お肉を食べられる身体に産まれた限り、やっぱりお肉を食べなくてはいけない。


美味しいし、栄養満点だし、逆にお洒落だし、後美味しい。


時代の先を行く今時のJKは皆お肉を食べるのだ。


何処の世界だって、肉食系こそがきっと世の頂に君臨する。


誰に何と言われようとも、私はお肉を食べる事を止めない。



それくらいには、私はお肉が好きだ。


それも、我が家で出てくるお肉は、凄腕メイドさんが作ってくれた、○シュランガイドの査定員が泡を吹いて倒れる程の絶品料理ばかり。


まあ、私はミシュラ○ガイドに載っているお店なんて行った事は無いのだが、きっとそれくらい美味しい。



美味しいお肉をお腹いっぱい食べながら、家族との楽しい会話に花を咲かせる晩餐。


おまけに今の私達は億万長者。


何て幸せ、何て贅沢なんだろう。



きっと、お風呂で転けて死んでしまった不幸な私の幸せ分が、生まれ変わった今、爆発的に発散されているに違いない。


今の私はきっと高く売れる。




所で、そんな幸せ真っ盛りな私は、億万長者にならずとも、ここ数日完全にダメ人間のような生活を送っていた。



朝はセチアと一緒にお城の周りをお散歩。


朝食を食べた後はリビングでセチアとダラダラ戯れて午前が終わり、昼食を食べてからまたセチアとダラダラ戯れ、暇そうな人がいれば一緒にダラダラ遊び、気が付くと夜になっている。


夕食後はタマちゃん以外の皆でお風呂に入り、セチアとお城の周りをお散歩する。


日が変わる前にお城に戻ってきて、眠ったりダラダラしたりしていると朝になり、またお散歩に出掛ける。



そんな、非生産的な毎日を悠々自適に送っていた。



自堕落の極地みたいな生活にも関わらず、真祖になってしまったからか何なのか、今の私は全く太らない。

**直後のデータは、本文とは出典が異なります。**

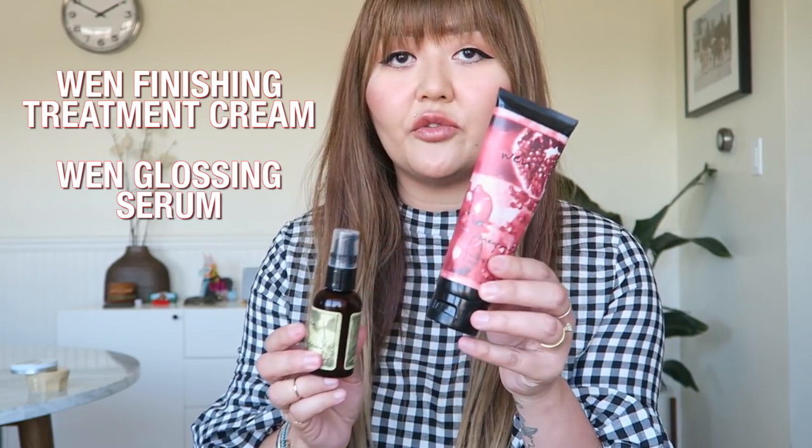So there are three options for me to do and for you guys to do as well. One option is you could do a mixture of the WEN Finishing Treatment Cream, which is right here, mixed with a glossing serum. With these two products, what you're going to get is more of a polished look. So if you have a blow dry that you're trying to revive, this is really good, because it'll tame the coarseness and the frizziness with your hair. Just make sure a little tiny pea size mixed with about two to three dropper fulls of the glossing serum works good, and then you can always add on if you need to. This is good if you're trying to get some polish.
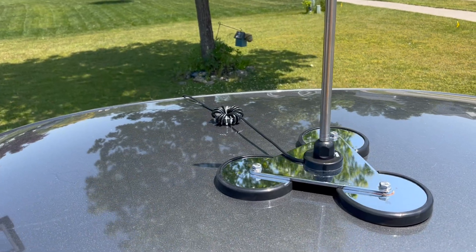At Hamvention in 2022, I picked up the Wolf River Coils 213 inch whip. In the last year, it's easily become one of my favorite antennas to use for Parks on the Air. It's very easy to set up, whether it's on a mag mount, in a car, or on a tripod in the field. You can easily tune 6 meters to 20 meters, making it a versatile multi-band antenna.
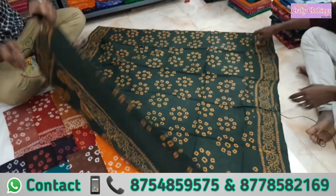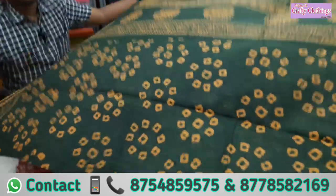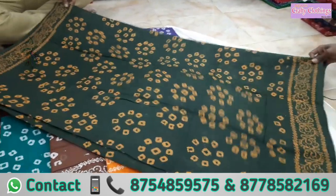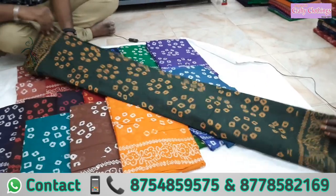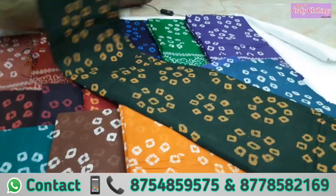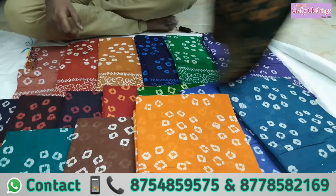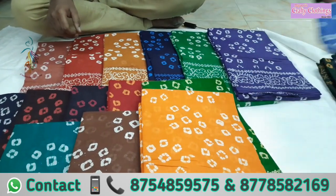This is the sari without blouse. The Pappali is very soft. The starch is very soft — it is very soft.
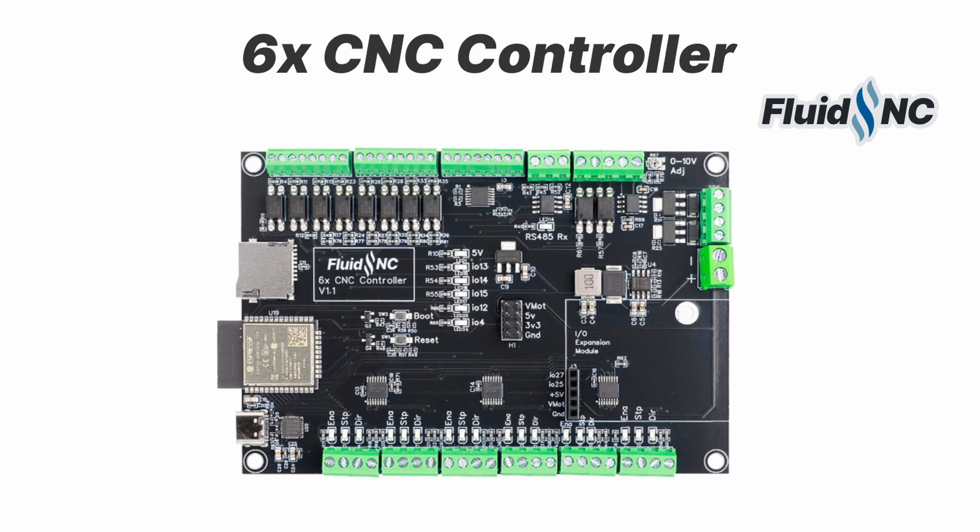I want to introduce my new 6x CNC controller for FluidNC firmware. This controller is designed to be very flexible and should cover the needs of most DIY CNC machines.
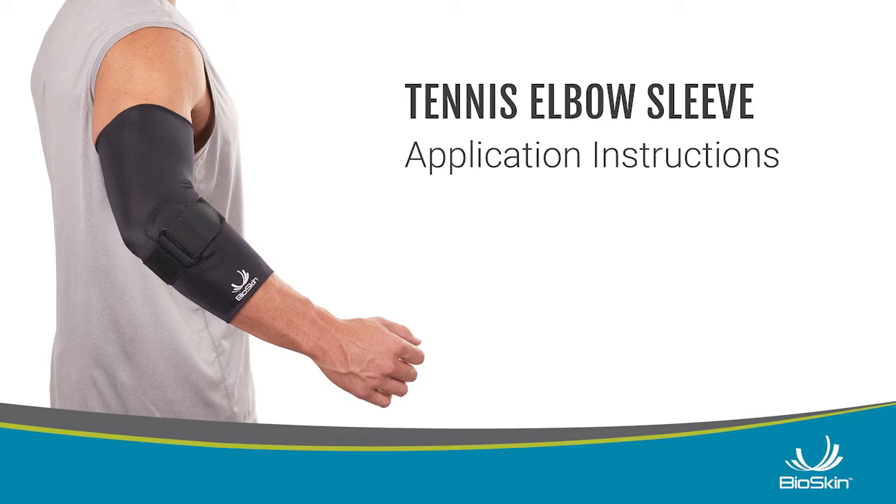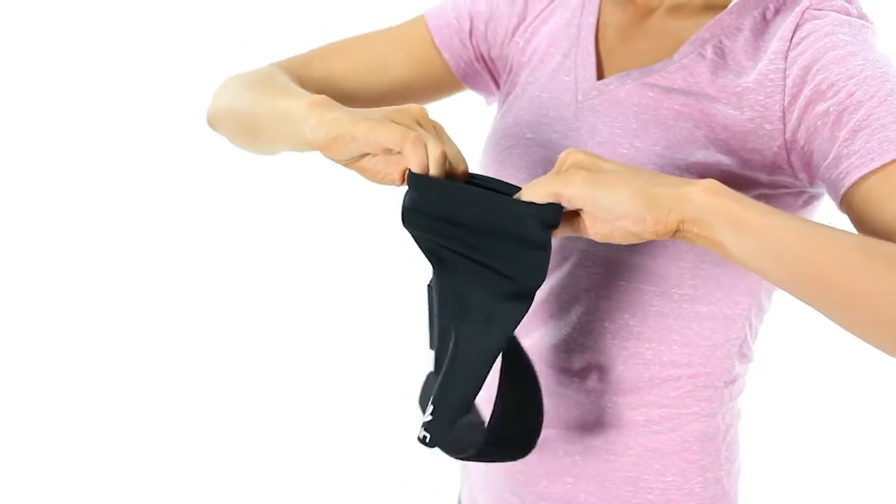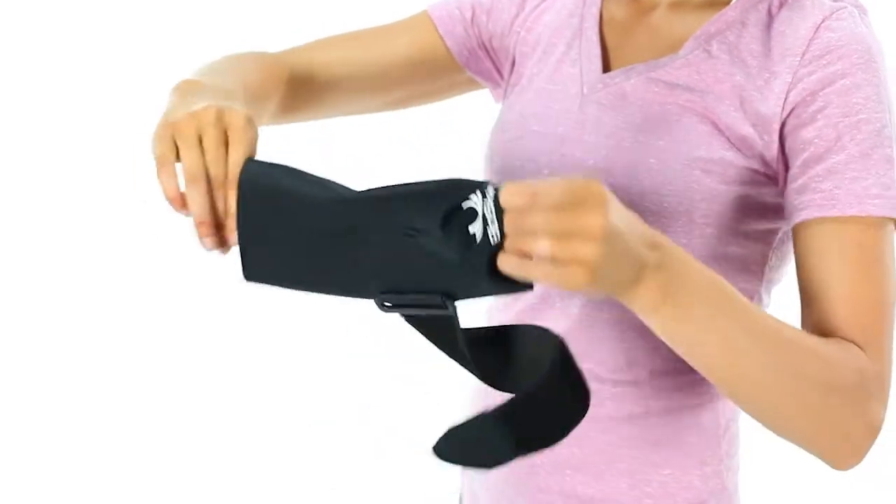Application instructions. Apply to dry skin. Lotion, perspiration, and wet skin may make it harder to pull on. First, stretch the top and bottom of the support to help break in the material.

毎日ゴロゴロしてお肉をお腹いっぱい食べているにも関わらず、見た目的にも、数字的にも、身体の何処にも変化が無い。


痩せないし、太らないし、大きくならないし、伸び無い。


筋肉も脂肪もつかないのだ。



そんな、ちょっとした嬉しい誤算だった。


これが成長しないという事である。



なので、今日も私は美味しいお肉料理を、何も気にする事無く沢山食べている。



ヘデラとソフィアはとても上品にナイフとフォークを使い、エディルアは上品な所作でもって、指で掴んで食べるという奇妙な事をしている。


タマちゃんと私はお箸を使う。



そんな風に夕食を食べながら、皆で楽しく話している中で、そう言えばと、ソフィアが何処か楽しげに切り出した。